El reino de Dios ya no es una realidad metahistórica, existente en el más allá, sino un estado perfecto, en el más acá; el Cielo y la Tierra se juntan y la historia humana se vuelve historia de la salvación. Rompe así Joaquín de Fiore la dualidad entre trascendencia e inmanencia, e introduce lo sagrado sobre la Tierra. Dios está dentro de nosotros, por lo que tenemos el poder de transfigurar al mundo hic et nunc, aquí y ahora. La última etapa de la historia llevará también a la superación de la Iglesia institucional, ya que toda la humanidad será Iglesia, santa, no necesitada de estructuras jerárquicas y mediaciones sacramentales. Como se ve, en la concepción joaquinita –cambiar el sueño celestial en proyecto terrenal– hay una carga fuertemente reformadora heterodoxa que no pasó desapercibida al alto clero. La comisión de Anagni, así como más tarde el Concilio provincial de Arles de 1263, prohibieron el Eterno Evangelio, de Joaquín de Fiore. La Iglesia, como se sabe, ha combatido siempre los movimientos milenaristas.

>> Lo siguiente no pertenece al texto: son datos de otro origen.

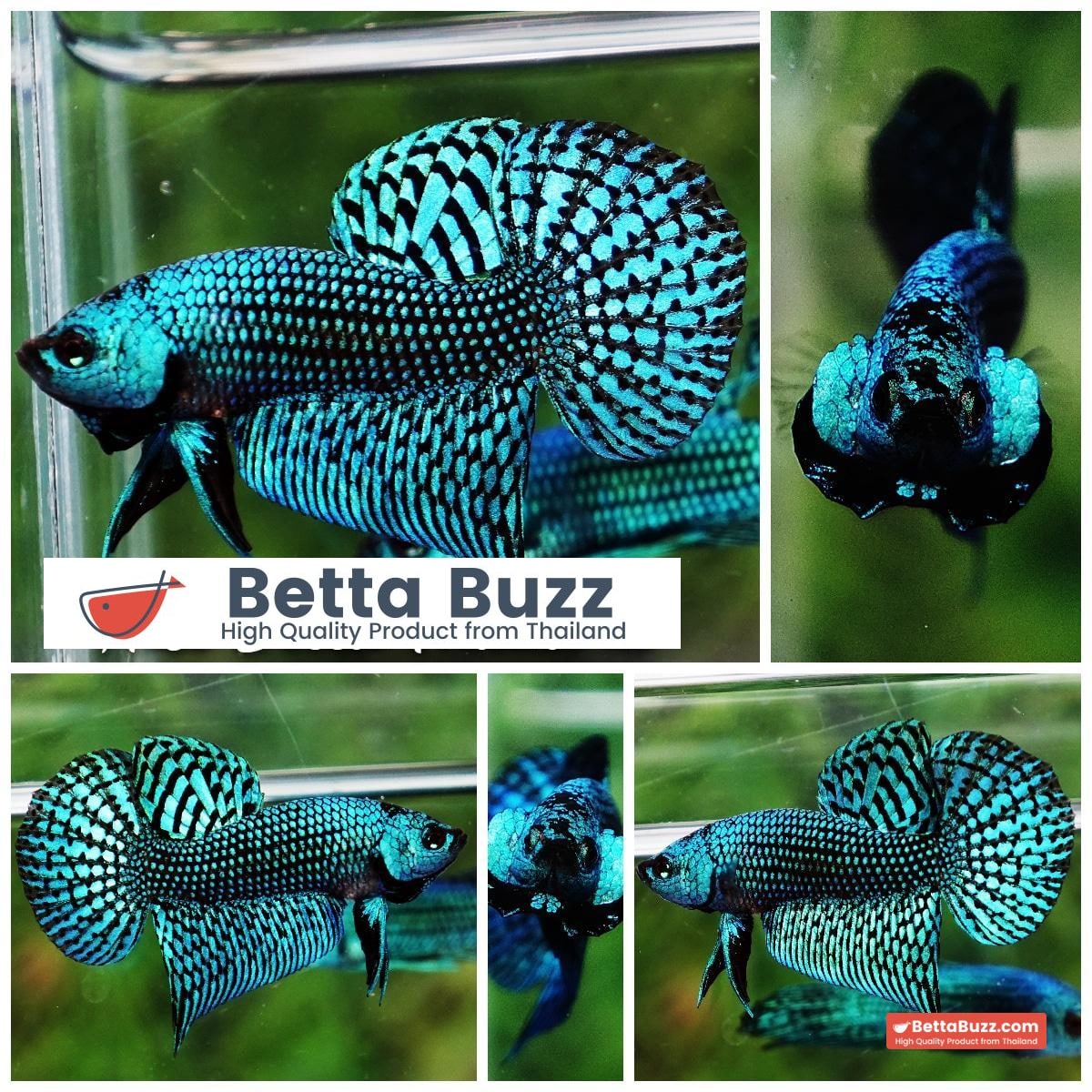 Wild Betta fish Green Alien Hybrid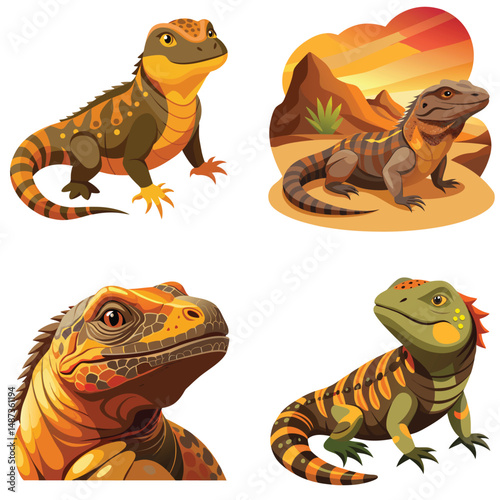Ornate Uromastyx  set  lizard with its distinct spiky tail, sitting calmly against a white background. Spiny-tailed Lizard isolated on white background
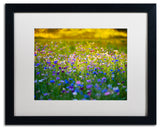 'Candy Fields' Matted Framed Canvas Art by Philippe Sainte-Laudy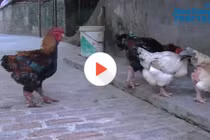 Đàn gà tiến vua hàng trăm triệu của lão nông Hưng Yên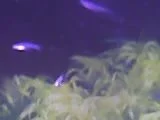 Multimed.jpg6.webp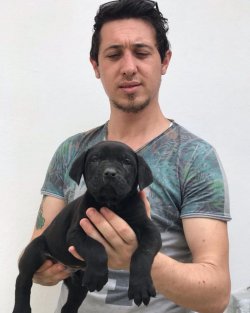 Cane Corso Yavruları 3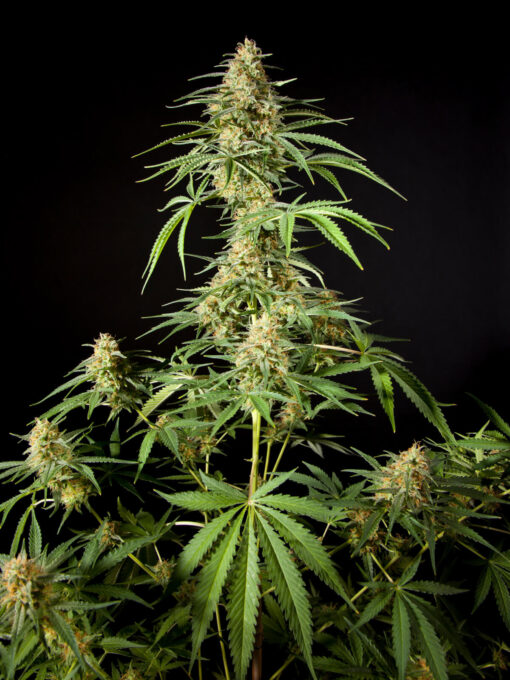 Philo Skunk - Philosopher Seeds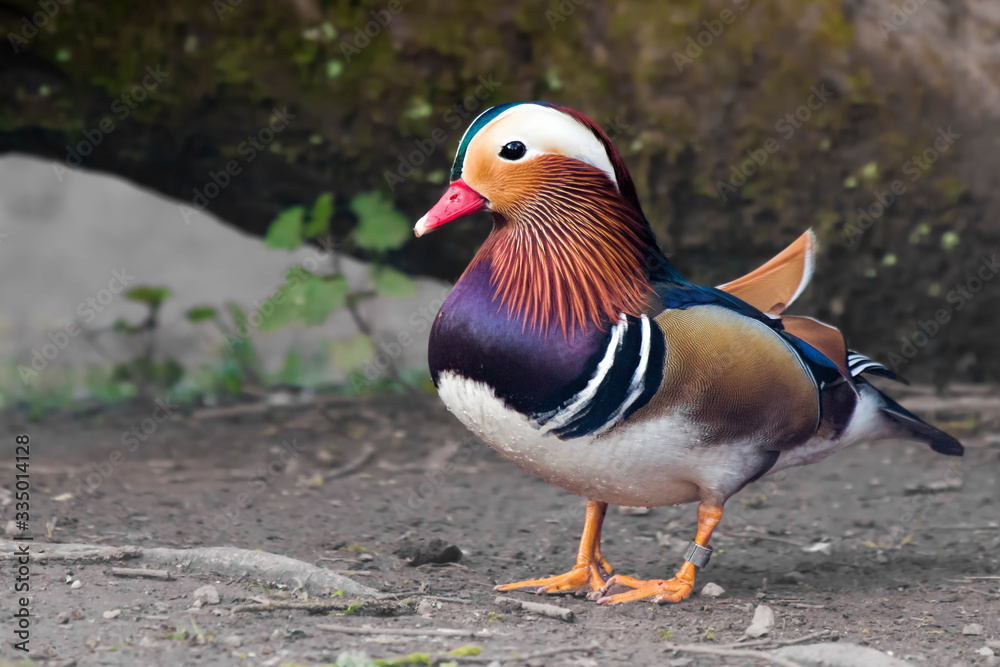 Obraz premium mandarin duck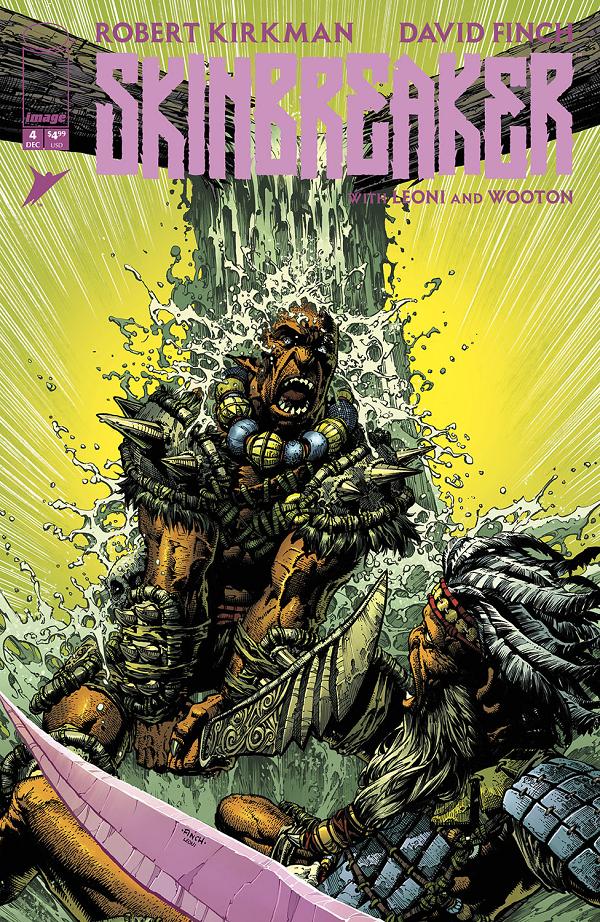 Skinbreaker #4 CVR A DAVID FINCH & ANNALISA LEONI cover
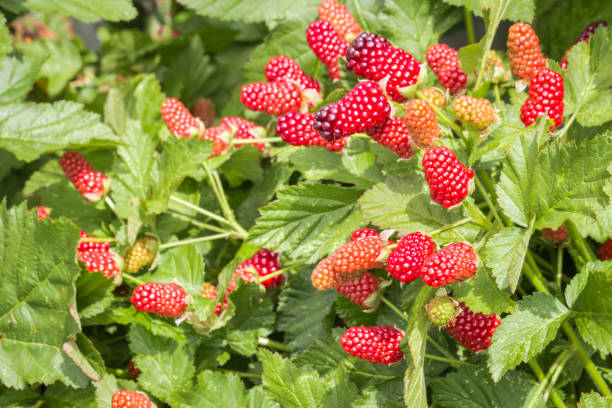 istock loganberry bush with ripe and unripe loganberries 1153528497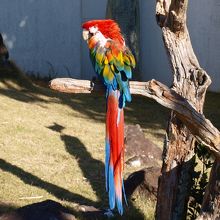 さまざまな動物が飼われていました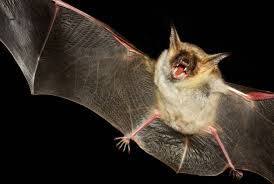 Read millions of reviews and get information about costs. Bat Removal Bohmz Pest Services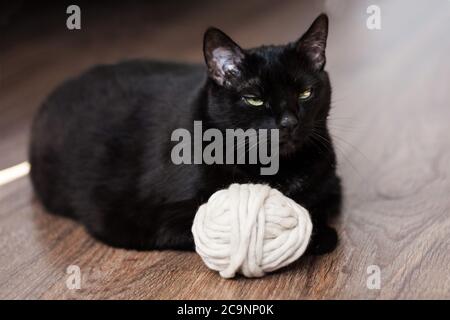 black cat next to a ball of white acrylic yarn for knitting on a wooden floor Stock Photo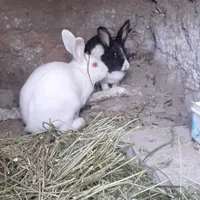 دو عدد خرگوش نر و ماده ابستن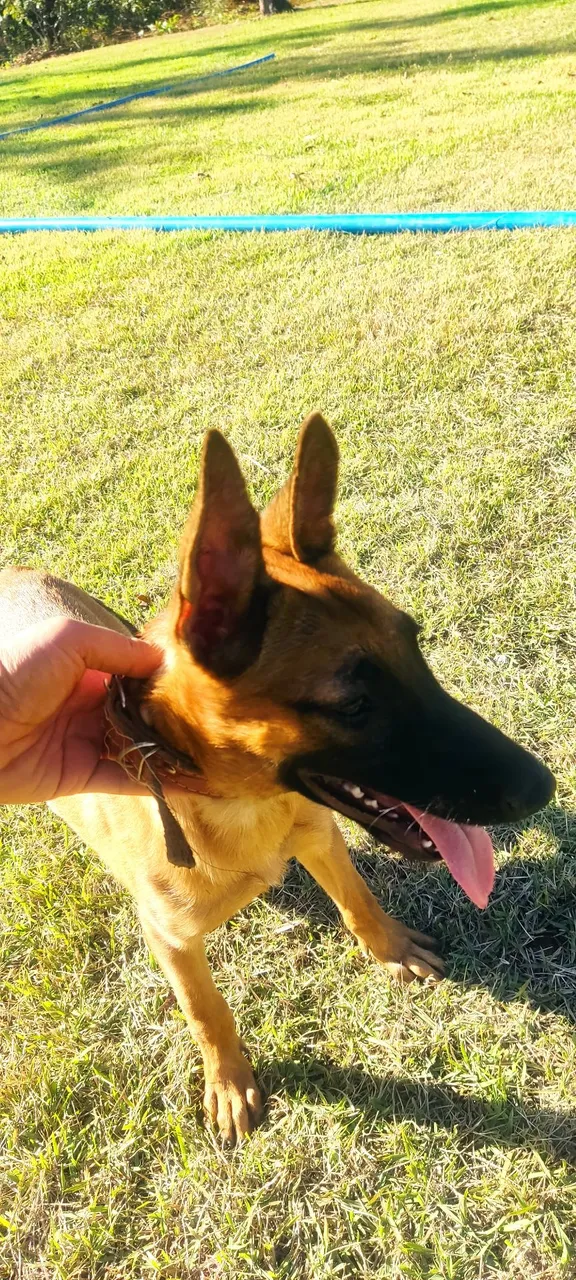 Filhotes de Pastor Malinois - 3 meses - Vacinados com V10 Importada (Zoetis)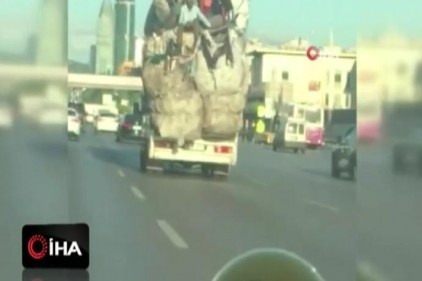 E-5&#039;te kamyon kasasındaki çuval yığınlarının üzerinde tehlikeli yolculuk kamerada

El abad de Celico estaba convencido de que el tiempo de la tercera edad estaba cerca –y este es el error que le adeudará siglos más tarde el filósofo alemán G. E. Lessing–, a causa de la misma crisis de las instituciones eclesiásticas y temporales. En su Expositio in Apocapsym no hace más que anunciar reiteradamente la cercanía de la plenitud de los tiempos de la tercera edad: tempus prope est!, ecce apropinquat hora! Non erit labor et gemitus, sed requies et otium et abundancia pacis. En fin: la edad religiosa de oro. El ser humano, expulsado del paraíso, regresaría a él por sus méritos, después de errores y desviaciones.

IV

Ahora bien, desde la obra y la época de Joaquín de Fiore han pasado dieciocho siglos y, sin embargo, en la actualidad se manifiesta, con la misma intensidad, la urgencia de la salvación de una humanidad amenazada por todos lados. Hago mías las palabras con las que Esther Cohen inicia su prólogo a la correspondencia entre Umberto Eco y Carlo Maria Martini: “Alguien dijo que el próximo siglo será religioso o no será. Más allá de coincidir con esta idea, lo que no puede negarse, y el pensamiento de los últimos años lo refleja, es el marcado interés tanto de las disciplinas humanísticas como de las ciencias por un fundamento ético, religioso o no, que dé cuerpo y vitalidad a un comportamiento humano que se ha visto despojado de su dignidad de origen. Pareciera que, muy a pesar de la experiencia de barbarie que ha vivido nuestro siglo, el problema del otro y su derecho a la existencia, como alguien diferente e irreductible, continúa interpelándonos hoy quizás con más urgencia que ayer, y nos obliga a responder, responsablemente, por un mundo por-venir.” Quiero añadir a las palabras de Esther que esta responsabilidad por el otro debe transformarse en “caridad”, término que, como dice Vattimo, ha reencontrado recientemente y de forma imprevista, pero no por ello menos significativa, carta de ciudadanía en la filosofía. Esta caritas debe transformarse, secularizar el amor cristiano, el agape, que es el legado más alto de nuestra tradición cristiana.